Our education system is fundamental to the UK’s economic future and success, creating the networks, ideas and innovations that will keep us globally competitive. So it’s natural in a way that higher education will be at the heart of both the Department for Education’s work and the new industrial strategy being led out of BEIS, creating a unified approach to issues such as social mobility and raising attainment.
You know, as I do, that we need this bill to provide stability around a robust regulatory framework, and I was delighted to hear several of you yesterday supporting the case for legislative reform at the evidence sessions. We do need it to join up the regulation of the market, and give us a ‘best in class’ regulatory system which is, by the way, modelled closely on the UUK work led by Simon Gaskell in 2015. And we need it to ensure that students are protected, and that students and the taxpayer feel that they receive good value for their investment.

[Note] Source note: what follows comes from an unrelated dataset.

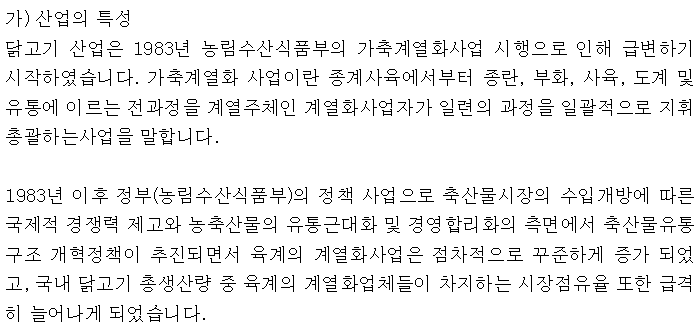  (2019.6.15. 작성) 동우팜투테이블 분석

The process of Parliamentary scrutiny is obviously extremely important. I am looking forward to the constructive challenges that we will receive with respect to some of the bill’s provisions, and I am grateful to the honourable members who have already tabled a range of amendments for debate.
I know that you will play your part in that process and I look forward to working with you to strengthen the bill and what it is trying to do wherever we can. The evidence-based approach adopted by Nicola Dandridge, Julia and the policy team at UUK is hugely helpful as we seek their and other stakeholder views on the implications of the challenging policy decisions that must be made and I look forward to working closely with you in the coming months.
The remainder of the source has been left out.